Where are we now
Most families making less than 200% of the poverty level do not have the combination of supports that they need to thrive, including access to health care, finances, food, housing, and childcare.
For parents of all income levels, carrying and delivering a child will be one of the most significant experiences of their life — but the stresses and burdens are greater for low-income families.
Low-income families struggle to make ends meet. There were 3,605,201 births in the United States in 2020. 42 percent of these were covered by Medicaid. Across all age groups, those most likely to live in poverty are young children. Having a young child is associated with a $14,850 drop in income for households with two adults, and $16,610 for single women. While families may have the lowest incomes during a child’s first five years of life, and also have the highest expenses, as they have grown their family. Mothers often bear the most of this economic burden, with their paid (and unpaid) labor crucial to their family’s stability.

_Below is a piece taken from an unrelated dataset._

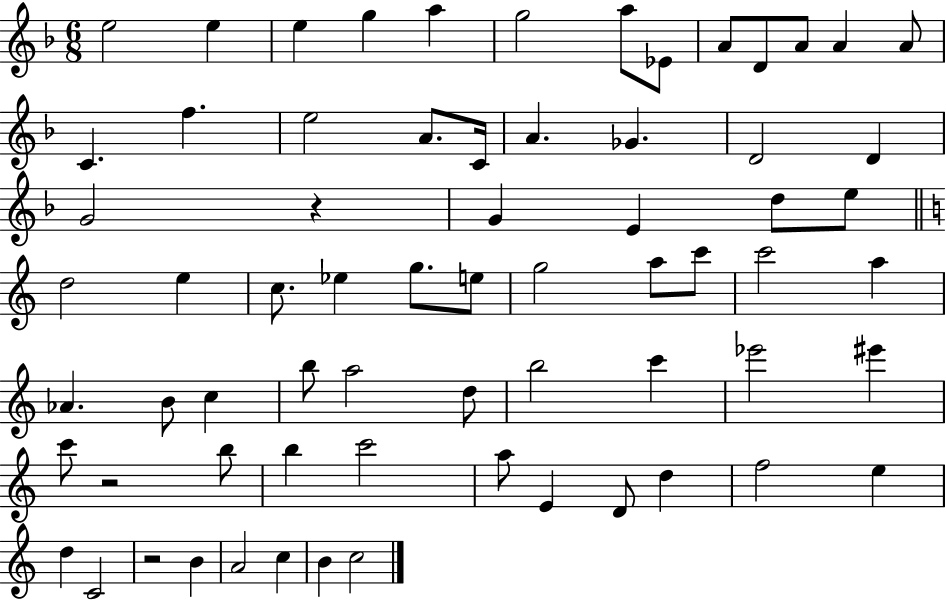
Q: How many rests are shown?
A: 3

Economic insecurity contributes to poor health outcomes. In part because of our lack of a social safety net, with a focus on healthcare coverage the U.S. has one of the worst maternal mortality rates of any developed nation, more than double that of most other high-income countries. Leading causes of pregnancy-related deaths in the U.S. include cardiovascular issues and hypertension (and in the postpartum period, during which more than half of U.S. pregnancy-related deaths occur, mental health issues become a leading cause). These high-risk conditions, which disproportionately impact women of color and low-income women, can be improved by access to medical care and proper nutrition, among other interventions in a typical treatment plan.
Lack of family support impacts economic productivity — especially for mothers. Furthermore, due in part to lack of access to care supports, women’s labor force participation in the United States has stalled. Finding, securing, and paying for child care is out of reach for as many families. Only 15% of those eligible for child care subsidies receive them, indicating that families are forced to pay out of pocket for child care they cannot afford. An analysis from the Economic Policy Institute demonstrates that if child care was affordable and accessible, the United States would see a gross domestic product (GDP) gain equal to $210.2 billion.
Where we want to be
We have ample evidence that new families need access to health care services and coverage, and wraparound supports — particularly low-income families and families of color. Medicaid, as the payer of almost half of U.S. births, is an ideal “front door” for lowincome families to access not only health care services but also other social services and benefits that they may be eligible for, and existing labor standards that protect them. Access to social benefits such as SNAP and WIC, and access to FMLA and break time for nursing can support a healthier pregnancy and postpartum period for mothers, and have long-term positive benefits for children. This can form the basis for other Federal opportunities for improving maternal health, educational, and other outcomes for families of all income levels.
Where we will start
Through the discovery period (Summer 2022), our team will run a discovery sprint with the goal of conducting research and diligence on this holistic model of care for women and the outcomes for infants on Medicaid. We will conduct two phases of qualitative research, focusing on subject matter experts and care delivery professionals, and on individuals and families. We will map the journey of an individual from pregnancy through to the child’s entrance into public school, identifying specific points at which various factors (rural, income level, race, LGBTQ+) may create inequitable “drop off points,” as well as pain points for birthing parent of a variety of perspectives. We plan to identify up to 3 tactical projects that the Federal Government can pursue to improve the family experience for families with children under the age of 5. We will prioritize projects that are in the control of Federal Government levers of change and can be supported by increased interagency cooperation and coordination.